EXERCISE BRIEF:
Begin at the line that has "Strap-it® Huawei Watch", stop after the line that has "Vintage Burger Fast", and print exactly those lines from the records below, without any pictures.

DATASET EXTRACT:
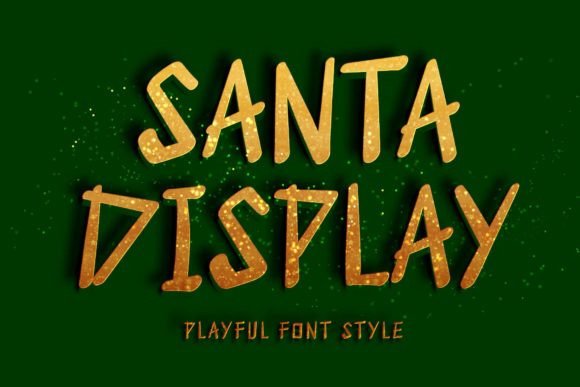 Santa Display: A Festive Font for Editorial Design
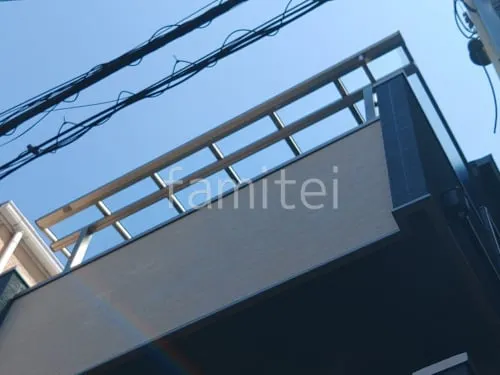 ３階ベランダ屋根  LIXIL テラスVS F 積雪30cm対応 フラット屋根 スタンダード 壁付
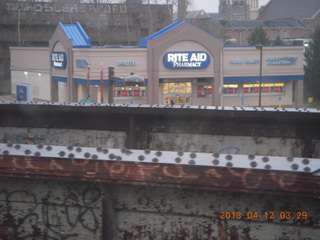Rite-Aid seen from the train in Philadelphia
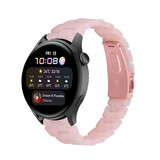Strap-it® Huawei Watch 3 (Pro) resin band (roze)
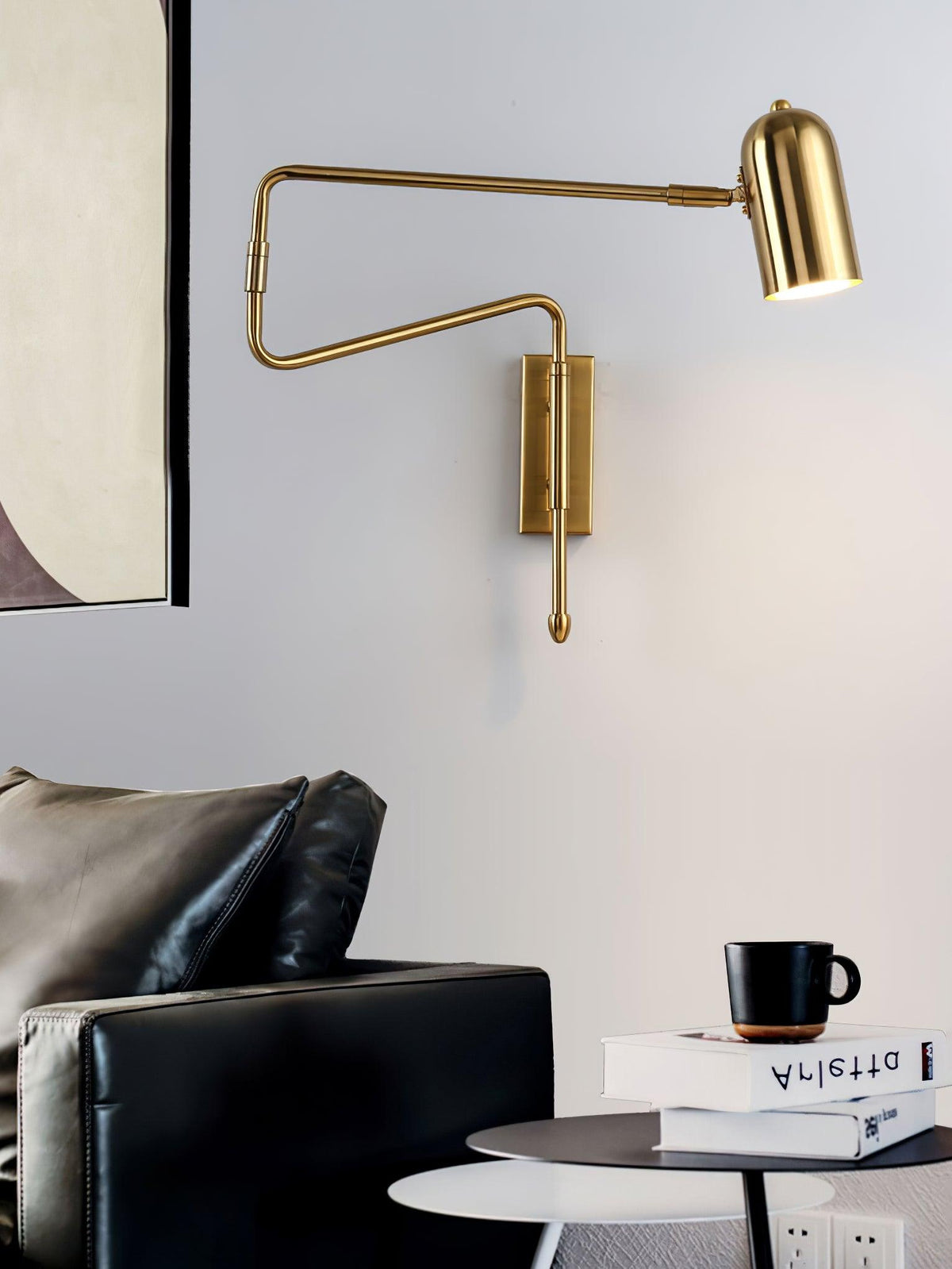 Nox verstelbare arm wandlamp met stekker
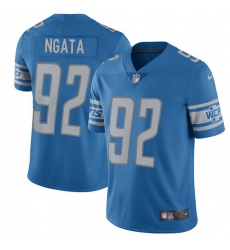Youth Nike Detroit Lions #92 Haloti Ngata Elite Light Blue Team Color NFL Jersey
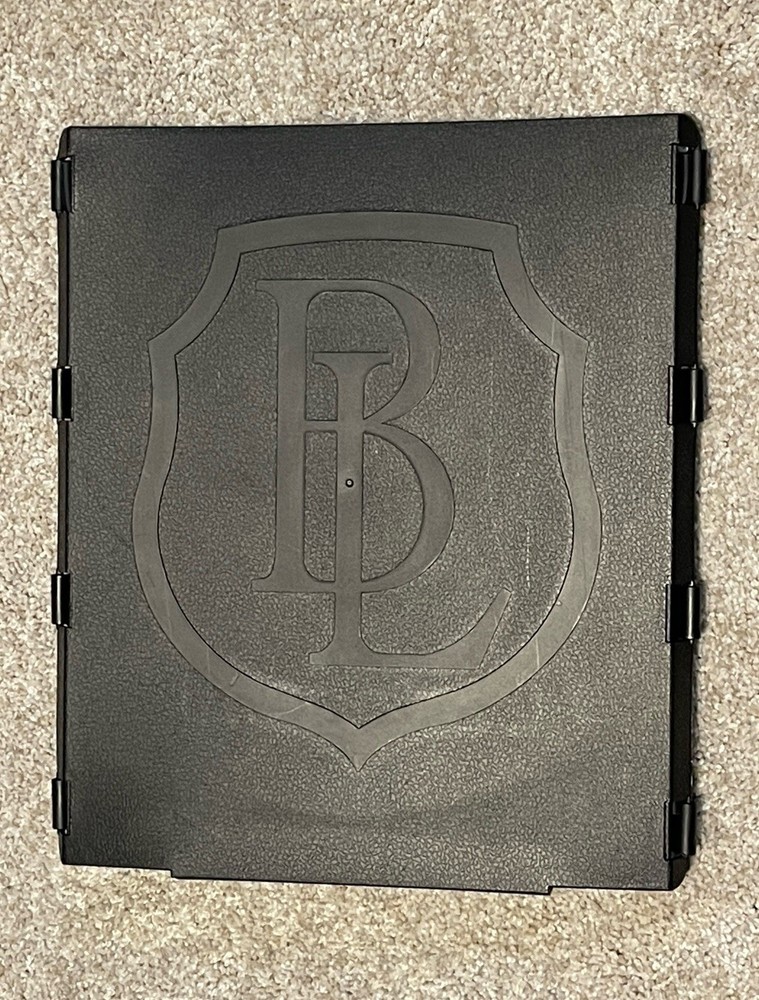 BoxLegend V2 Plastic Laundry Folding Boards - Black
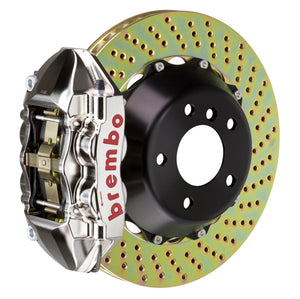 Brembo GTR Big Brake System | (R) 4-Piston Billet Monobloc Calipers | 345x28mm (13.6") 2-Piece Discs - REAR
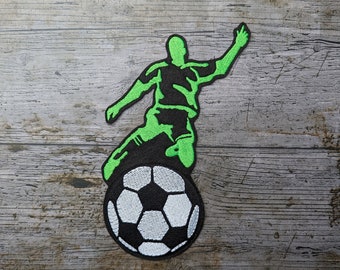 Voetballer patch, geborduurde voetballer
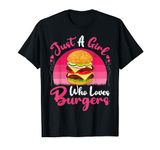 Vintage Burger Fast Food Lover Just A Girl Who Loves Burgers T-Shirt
--
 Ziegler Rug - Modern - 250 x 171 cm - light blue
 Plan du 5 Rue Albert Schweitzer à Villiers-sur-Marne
* * *
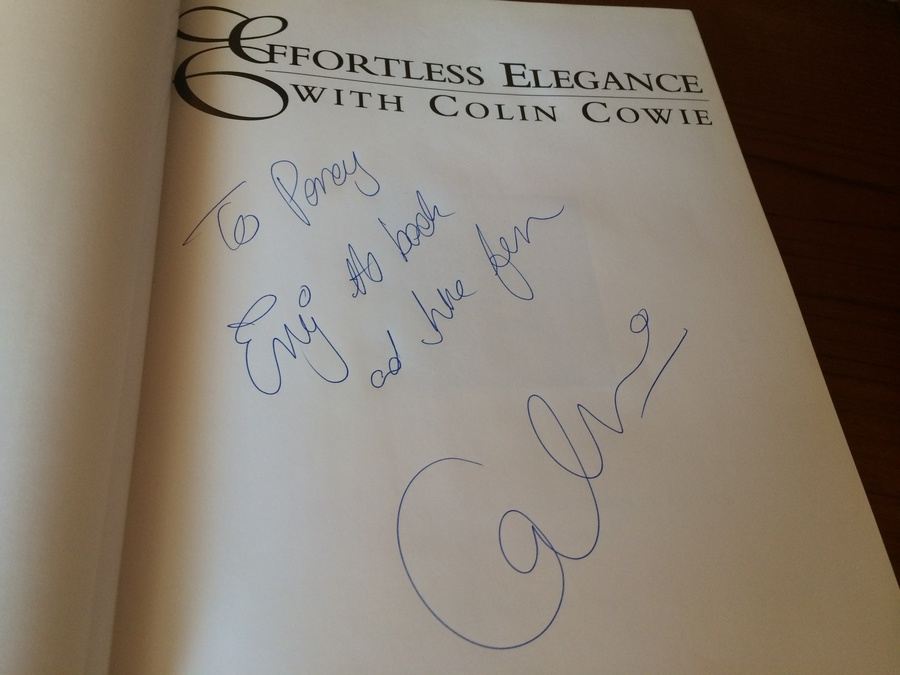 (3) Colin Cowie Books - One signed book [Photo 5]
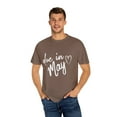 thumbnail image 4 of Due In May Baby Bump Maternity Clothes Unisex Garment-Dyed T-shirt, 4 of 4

SOLUTION:
Strap-it® Huawei Watch 3 (Pro) resin band (roze)
 Nox verstelbare arm wandlamp met stekker
Youth Nike Detroit Lions #92 Haloti Ngata Elite Light Blue Team Color NFL Jersey
 BoxLegend V2 Plastic Laundry Folding Boards - Black
 Brembo GTR Big Brake System | (R) 4-Piston Billet Monobloc Calipers | 345x28mm (13.6") 2-Piece Discs - REAR
 Voetballer patch, geborduurde voetballer
 Vintage Burger Fast Food Lover Just A Girl Who Loves Burgers T-Shirt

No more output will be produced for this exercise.